Dulce’s confessional bears its gravity in the truths about fertility and conception, where predominantly the woman alone carries its weight. Perhaps, as it is a norm and an internalized oppression, the possibility of choice is often forgotten. At Least I Won’t Regret Anything is an opportunity to engage in a much-needed conversation, a reminder: your body is yours.

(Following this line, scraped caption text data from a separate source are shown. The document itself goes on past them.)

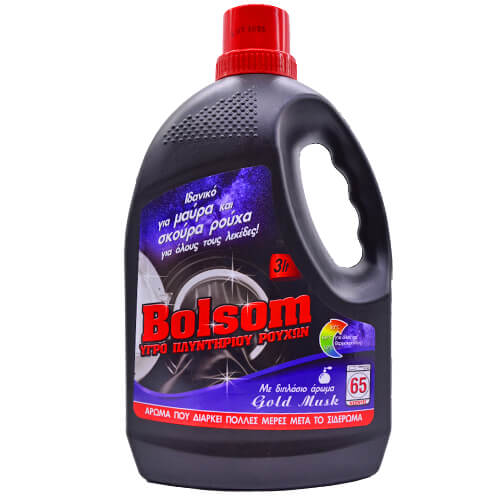 BOLSOM ΥΓΡΟ ΠΛΥΝΤΗΡ.ΡΟΥΧΩΝ 3lit - (ΜΑΥΡΑ ΡΟΥΧΑ)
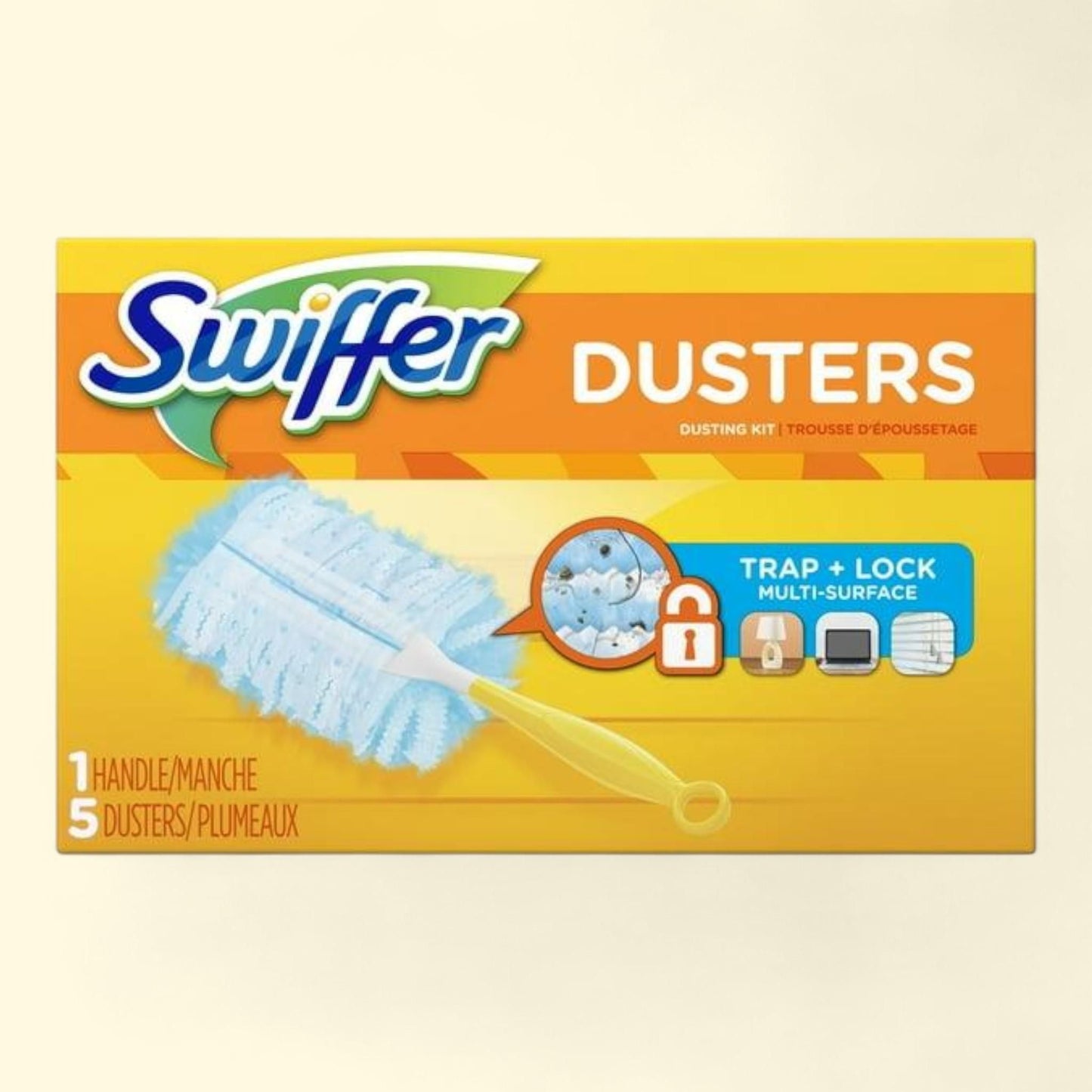 Swiffer Dusters Cleaning Kit, 1 Handle + 5 Refills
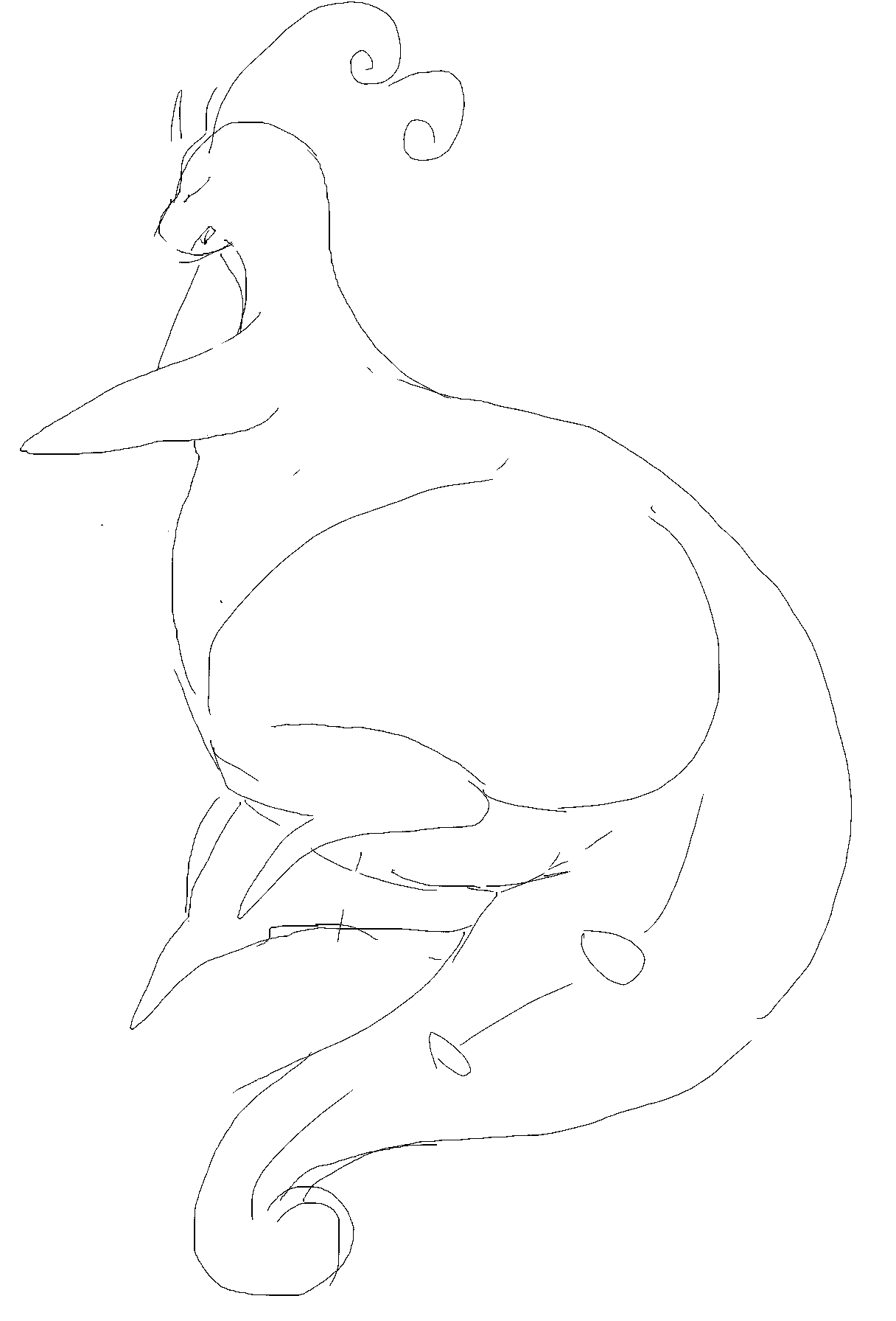 drew this with a mouse because I don&rsquo;t know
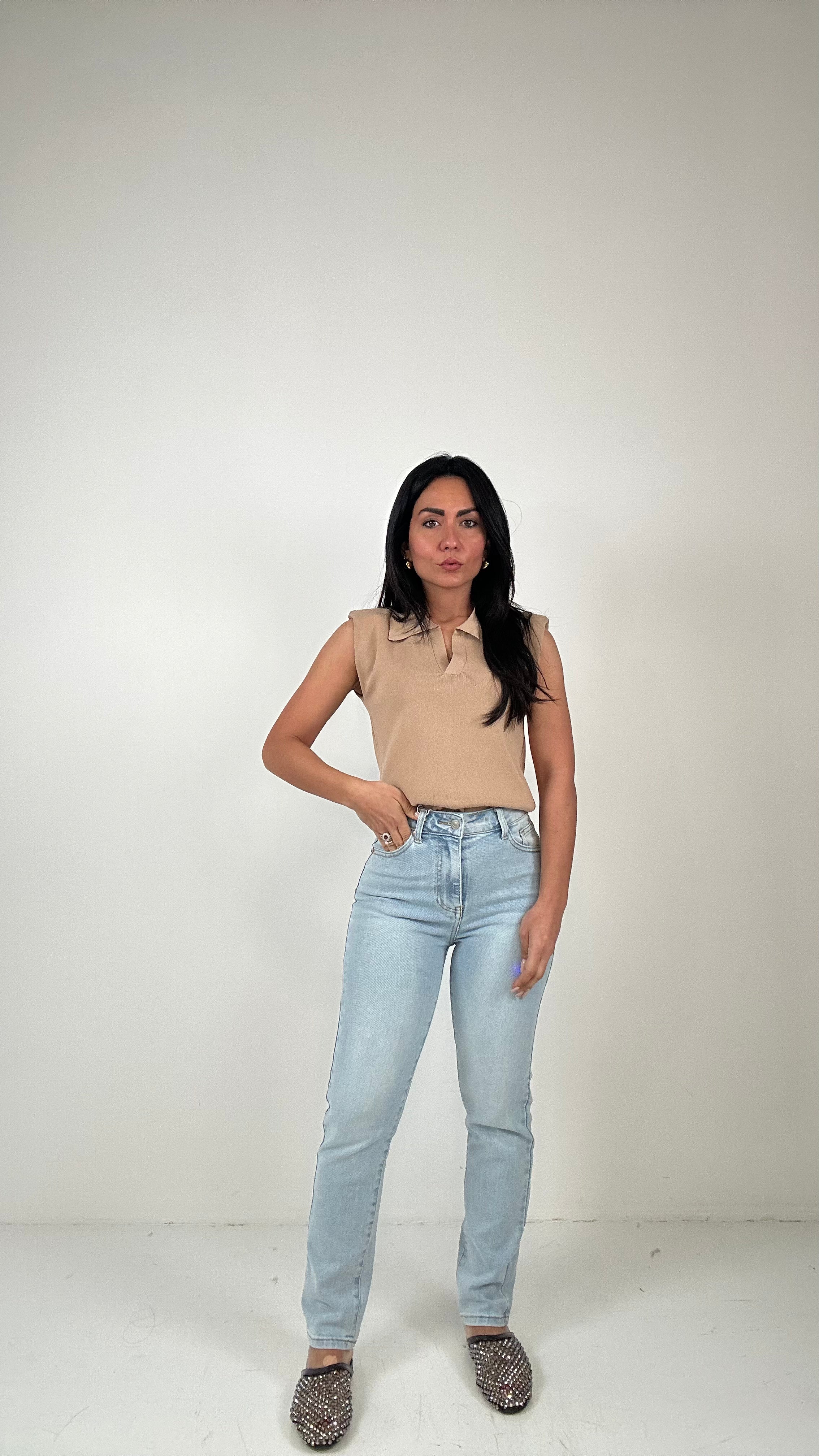 Jeans MOM-FIT CHIARO - JEANS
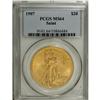 Image 1 : 1907 $20 Arabic Numerals MS64 PCGS. Highly lustrous wi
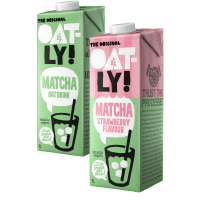 Illustration av Oatly matcha 1 L
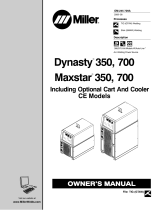 Miller DYNASTY 350 CE (LK300089L THRU MA230007 ONLY) Owner's manual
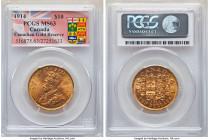 George V gold 10 Dollars 1914 MS63 PCGS, Ottawa mint, KM27. Canadian Gold Reserve. 

HID09801242017

© 2022 Heritage Auctions | All Rights Reserved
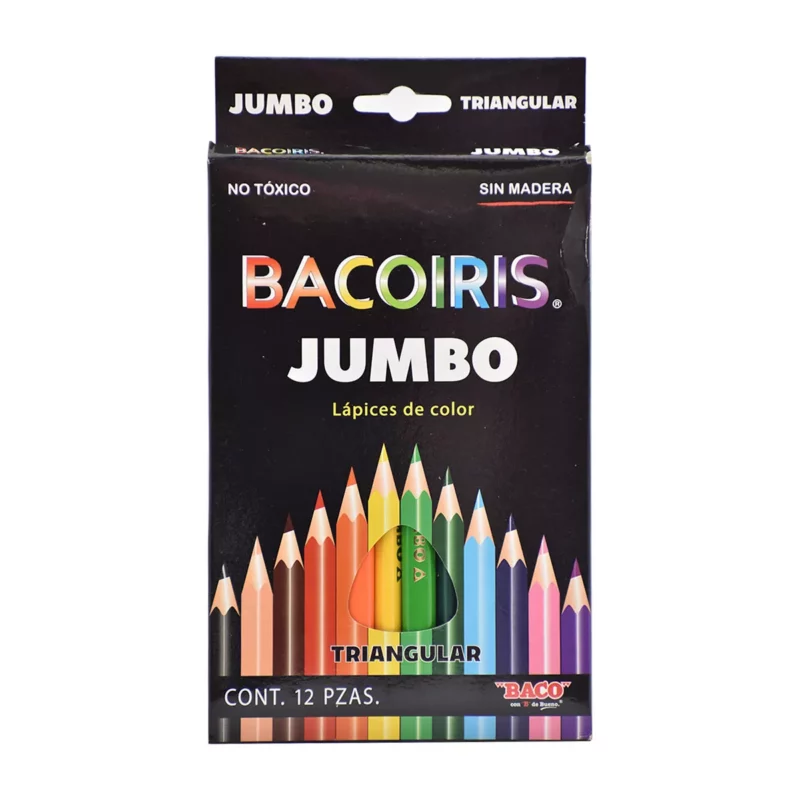 COLORES BACOIRIS JUMBO TRIANGULAR C/12 ATADO DE 2 PZAS.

Visitors are invited to take part in the installation by taking a ribbon from the cot and writing their personal sentiments on reproductive autonomy on them. After writing, please take a pin from the floor next to the cot and add this sentiment to the work by pinning it on the various hoops hung around the dresses.

 Text by Iris Ferrer

 

British trained milliner Mich Dulce creates contemporary hats and headpieces with wholly sustainable, socially enterprising and ethical Philippine raw materials combined with traditional European millinery techniques. Following training at Central Saint Martins, London College of Fashion, the Fashion Institute of Technology New York, and Ecole Lesage, Mich was named as the British Council’s 2010 International Young Fashion Entrepreneur of the Year and has since been working on her line of contemporary millinery which she showcases at London and Paris Fashion Week. Mich has worked with Marjan Pejoski, Jessica Ogden, KTZ, and most recently Maison Michel Paris.